[The problem] The listing below holds a line with "473 - Pair of" and a line with "Athletic and sporty". Reproduce those two lines exactly, plus everything between them.

[Data supplied]
==============================
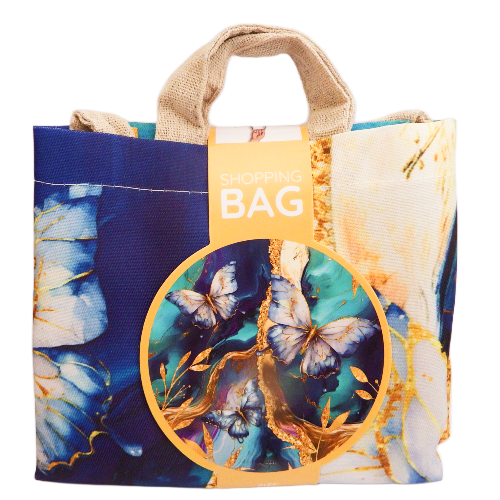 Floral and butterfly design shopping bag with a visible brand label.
==============================
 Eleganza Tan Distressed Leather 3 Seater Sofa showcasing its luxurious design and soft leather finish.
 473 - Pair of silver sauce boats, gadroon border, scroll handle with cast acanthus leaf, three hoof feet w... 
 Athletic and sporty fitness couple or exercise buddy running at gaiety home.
==============================
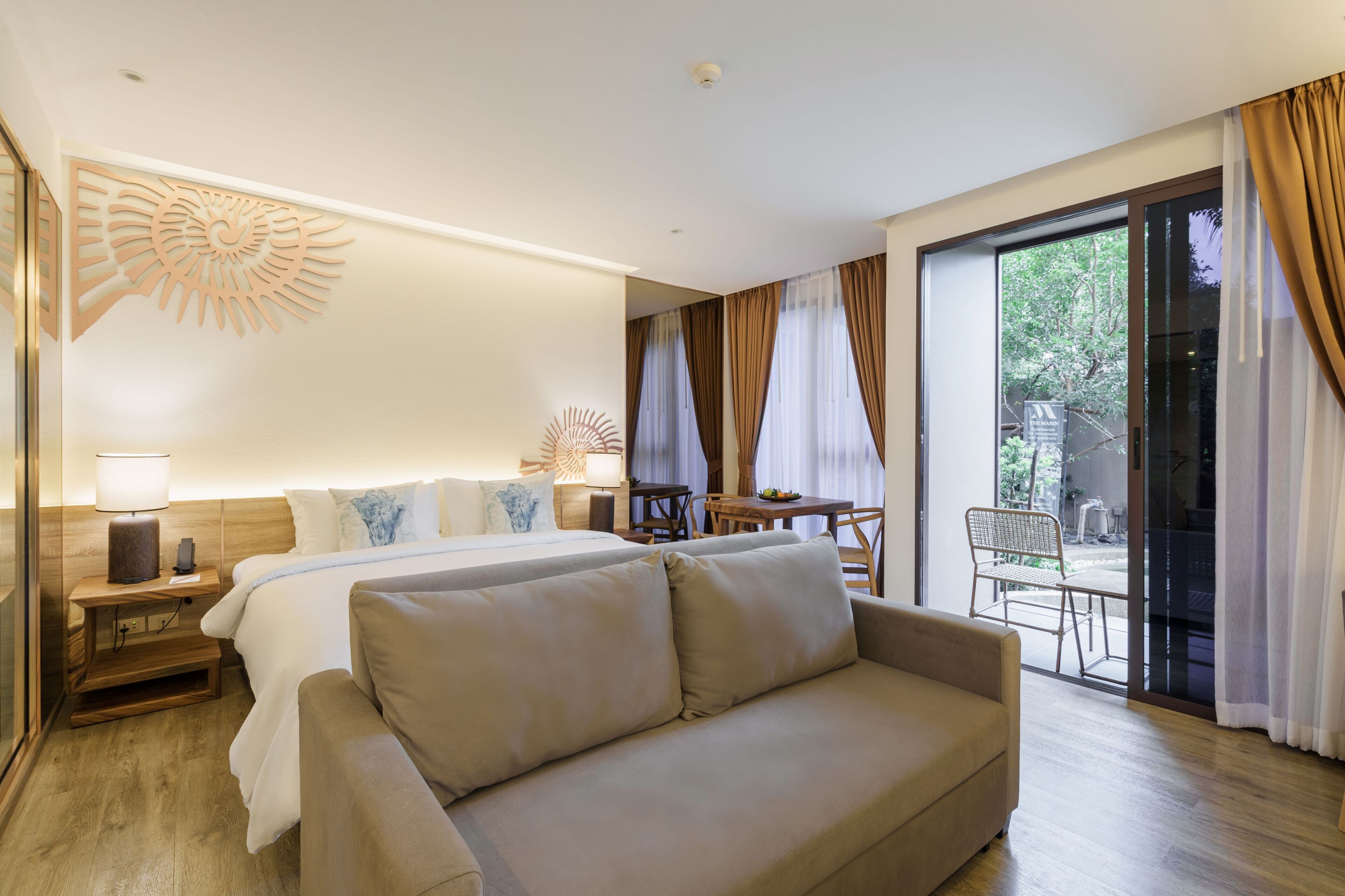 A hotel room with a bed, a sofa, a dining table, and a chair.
==============================
[Result of this task]
 473 - Pair of silver sauce boats, gadroon border, scroll handle with cast acanthus leaf, three hoof feet w... 
 Athletic and sporty fitness couple or exercise buddy running at gaiety home.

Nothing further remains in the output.